Retinoschisis causes acuity loss in the center of the visual field through the formation of tiny cysts in the retina, often forming a "spoke-wheel" pattern that can be very subtle. The cysts are usually only detectable by a trained clinician. In some cases vision cannot be improved by glasses, as the nerve tissue itself is damaged by these cysts.

The National Eye Institute (NEI) of the National Institutes of Health (NIH) is conducting clinical and genetic studies of X-linked juvenile retinoschisis. This study began in 2003 and as of 2018 is continuing to recruit patients. A better understanding of why and how XLRS develops might lead to improved treatments. Males diagnosed with X-linked juvenile retinoschisis and females who are suspected carriers may be eligible to participate. In addition to giving a medical history and submitting medical records, participants submit a blood sample and the NEI will perform a genetic analysis. There is no cost to participate in this study.

===Tractional retinoschisis===

This may be present in conditions causing traction on the retina especially at the macula. This may occur in: a) The vitreomacular traction syndrome; b) Proliferative diabetic retinopathy with vitreoretinal traction; c) Atypical cases of impending macular hole.

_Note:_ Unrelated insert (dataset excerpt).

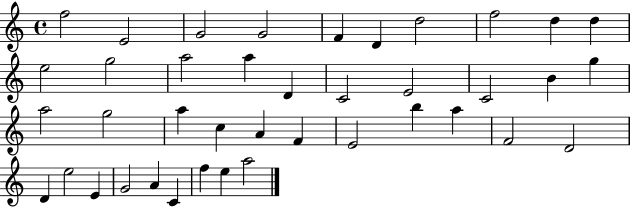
F5/h E4/h G4/h G4/h F4/q D4/q D5/h F5/h D5/q D5/q E5/h G5/h A5/h A5/q D4/q C4/h E4/h C4/h B4/q G5/q A5/h G5/h A5/q C5/q A4/q F4/q E4/h B5/q A5/q F4/h D4/h D4/q E5/h E4/q G4/h A4/q C4/q F5/q E5/q A5/h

===Exudative retinoschisis===

Retinoschisis involving the central part of the retina secondary to an optic disc pit was erroneously considered to be a serous retinal detachment until correctly described by Lincoff as retinoschisis. Significant visual loss may occur and following a period of observation for spontaneous resolution, treatment with temporal peripapillary laser photocoagulation followed by vitrectomy and gas injection followed by face-down positioning is very effective in treating this condition.

==Diagnosis==
The diagnosis of the disease is usually made during an examination of the back of the eye (fundus) where any splits, tears or rips may be seen. One diagnostic tool is optical coherence tomography (OCT), which uses light waves to create images of the retina and based on ophthalmoscopy with scleral depression and contact lens examination. The fellow eye should also be examined.

==Treatment==
Retinoschisis usually does not require treatment aside from glasses to improve vision . However, some children with X-linked retinoschisis may have bleeding in their eye. This can be treated with either laser therapy or cryosurgery. In rare cases, children may need surgery to stop the bleeding.

=== Gene therapy ===
As of 2022, a clinical trial of gene therapy to treat XLRS was ongoing. After 1 year, the paper concluded that the therapy "was generally safe and well tolerated but failed to demonstrate a measurable treatment effect" and a 5-year follow up will be conducted to assess long-term safety.

=== Gene editing ===
There may be various gene editing techniques to possibly treat hereditary retinoschisis.